# [What is required]
The reply should hold only the lines below beginning at the one with "Postel nebo postele" and ending at the one with "Ciemnobeżowy Komplet 2-Częściowy", copied exactly, with every picture left out.

# [Data shown]

──────────────────────────────

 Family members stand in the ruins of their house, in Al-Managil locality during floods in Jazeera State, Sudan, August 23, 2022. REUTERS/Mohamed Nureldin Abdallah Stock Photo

──────────────────────────────

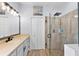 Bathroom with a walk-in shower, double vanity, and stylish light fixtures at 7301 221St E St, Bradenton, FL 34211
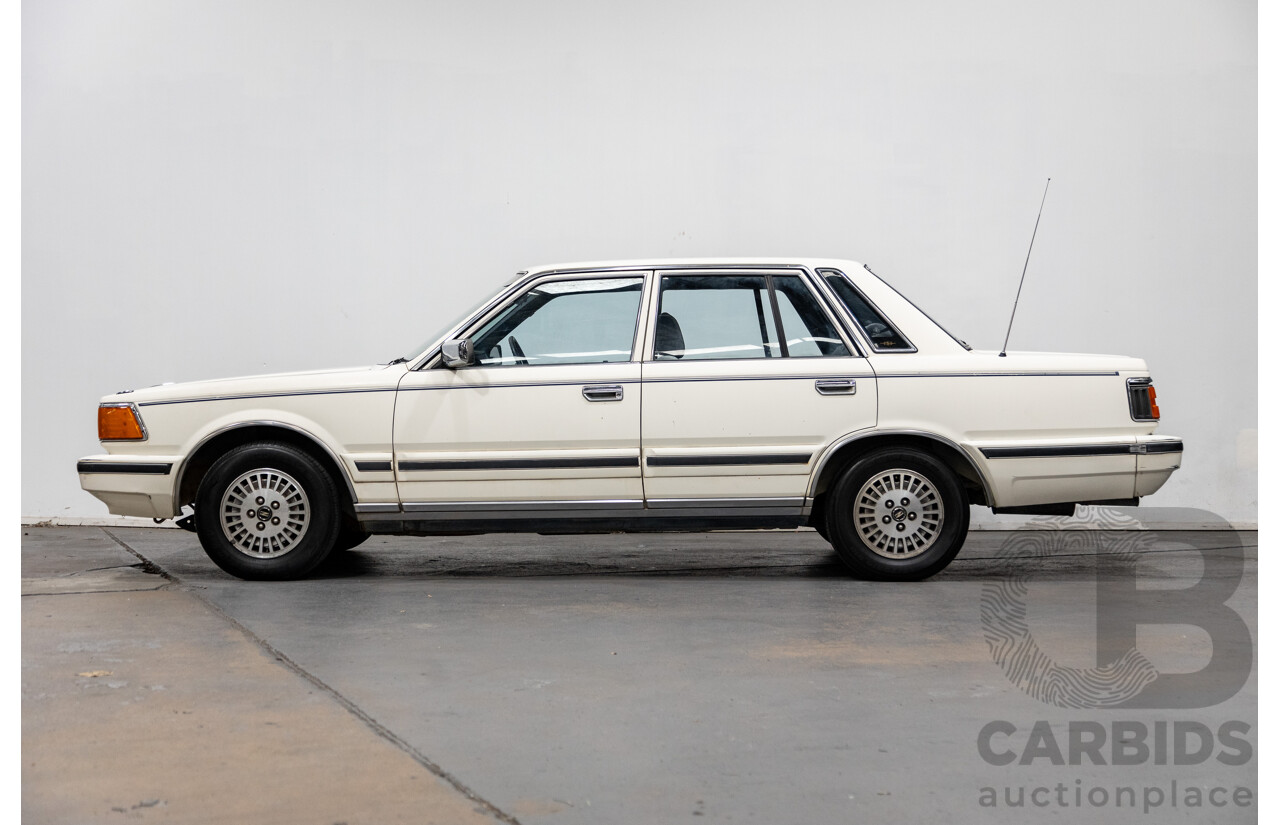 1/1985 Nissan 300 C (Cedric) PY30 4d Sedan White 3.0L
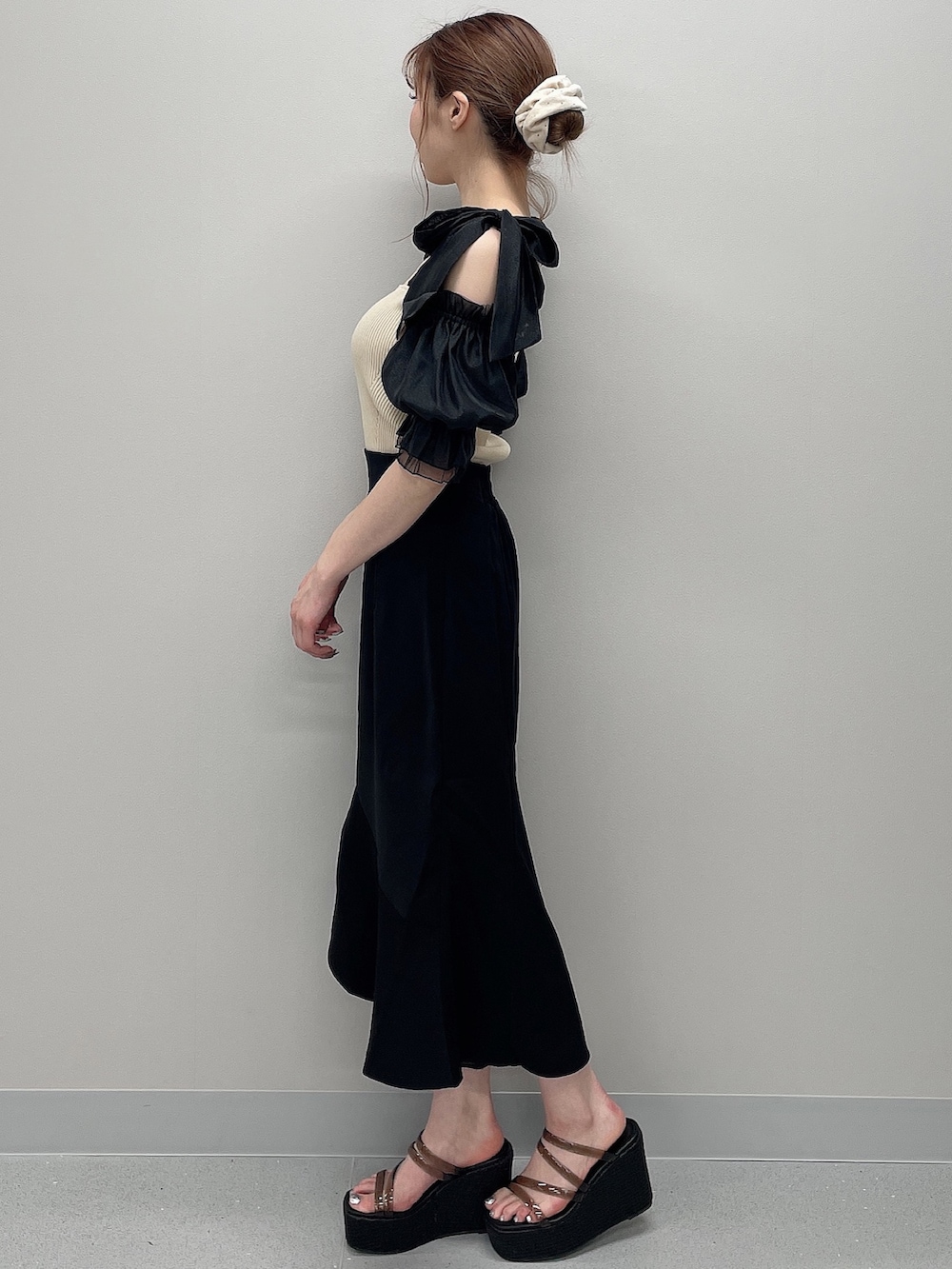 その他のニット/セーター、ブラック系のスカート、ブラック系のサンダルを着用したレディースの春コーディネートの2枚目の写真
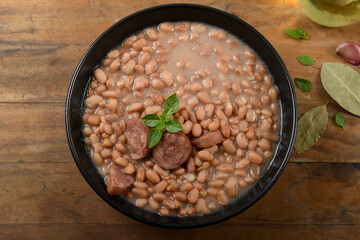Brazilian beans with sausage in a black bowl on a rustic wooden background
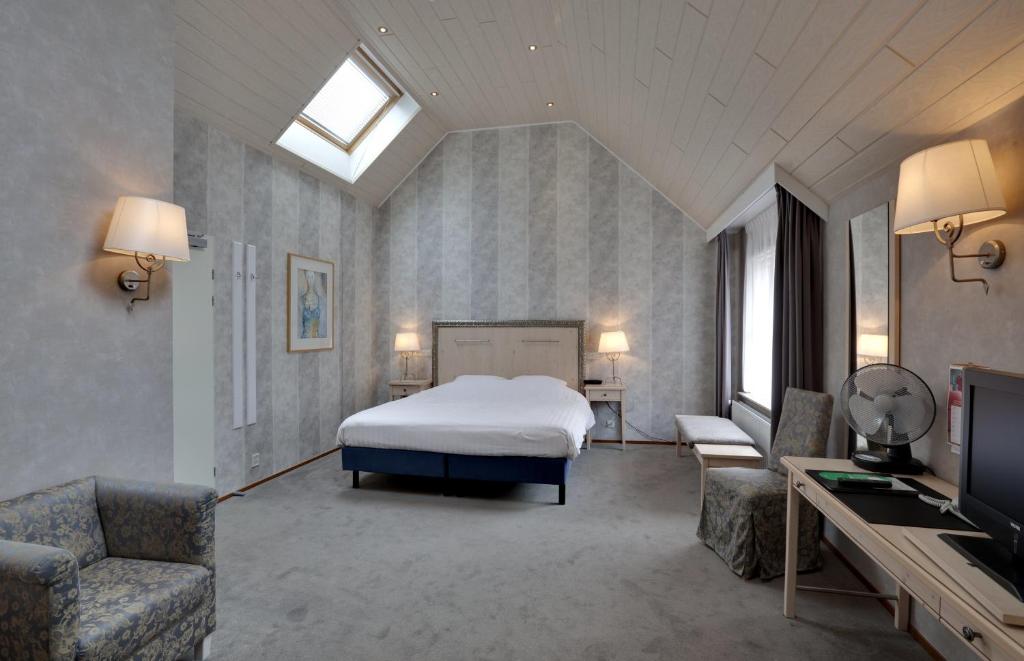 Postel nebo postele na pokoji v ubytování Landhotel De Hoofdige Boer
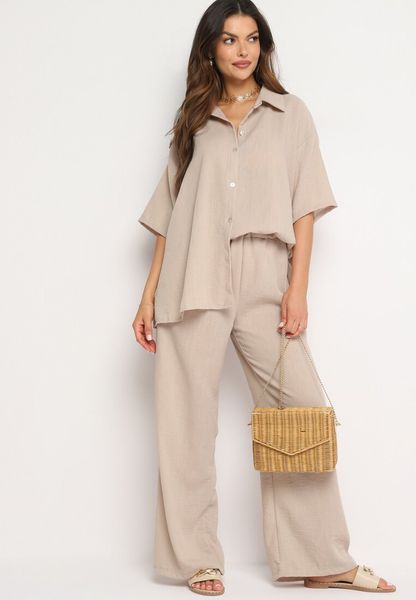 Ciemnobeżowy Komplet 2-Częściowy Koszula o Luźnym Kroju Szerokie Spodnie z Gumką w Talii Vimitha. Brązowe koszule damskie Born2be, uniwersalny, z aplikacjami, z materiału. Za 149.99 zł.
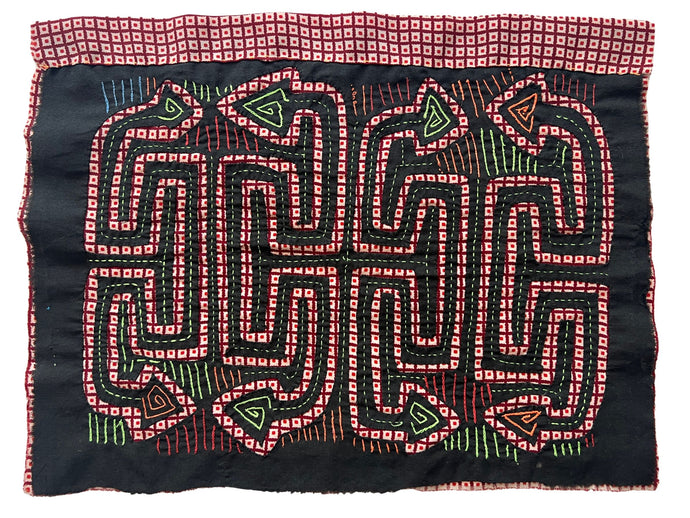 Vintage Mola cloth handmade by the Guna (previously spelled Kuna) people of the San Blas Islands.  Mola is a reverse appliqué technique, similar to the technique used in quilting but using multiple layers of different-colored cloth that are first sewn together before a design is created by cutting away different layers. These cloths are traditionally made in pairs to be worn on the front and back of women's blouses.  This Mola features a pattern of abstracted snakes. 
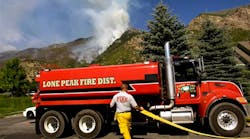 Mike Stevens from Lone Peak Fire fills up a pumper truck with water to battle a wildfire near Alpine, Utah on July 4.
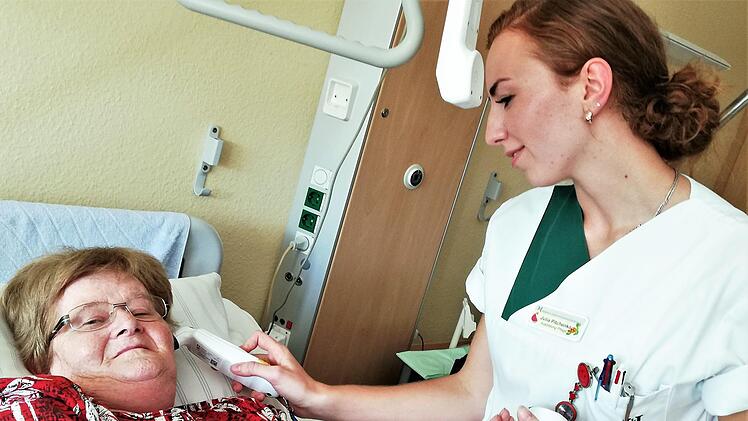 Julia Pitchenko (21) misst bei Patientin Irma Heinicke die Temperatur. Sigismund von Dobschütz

──────────────────────────────

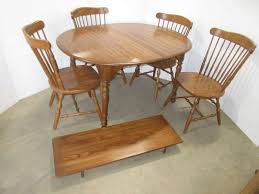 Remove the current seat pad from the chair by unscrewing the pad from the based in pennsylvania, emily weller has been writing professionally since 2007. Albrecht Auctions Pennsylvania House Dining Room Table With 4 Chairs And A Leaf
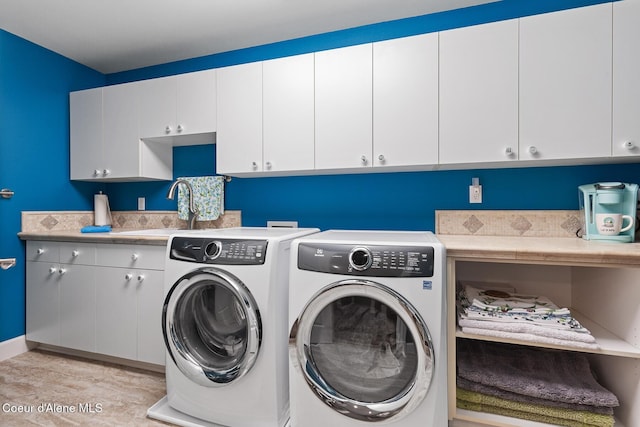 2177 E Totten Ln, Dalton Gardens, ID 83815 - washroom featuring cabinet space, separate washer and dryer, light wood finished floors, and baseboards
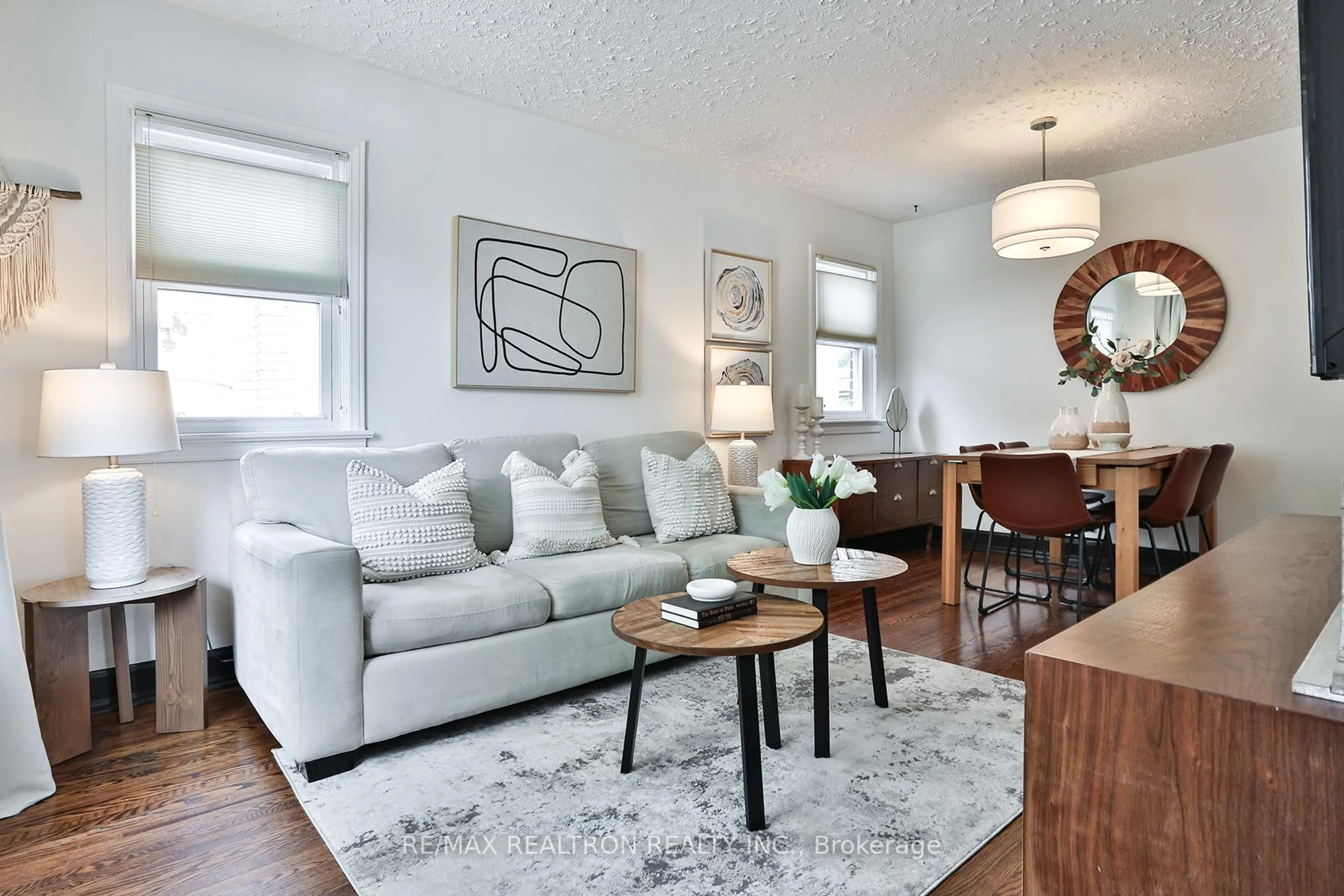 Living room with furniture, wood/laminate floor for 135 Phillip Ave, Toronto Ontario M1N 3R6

──────────────────────────────

# [Expected answer]
 Postel nebo postele na pokoji v ubytování Landhotel De Hoofdige Boer
 Ciemnobeżowy Komplet 2-Częściowy Koszula o Luźnym Kroju Szerokie Spodnie z Gumką w Talii Vimitha. Brązowe koszule damskie Born2be, uniwersalny, z aplikacjami, z materiału. Za 149.99 zł.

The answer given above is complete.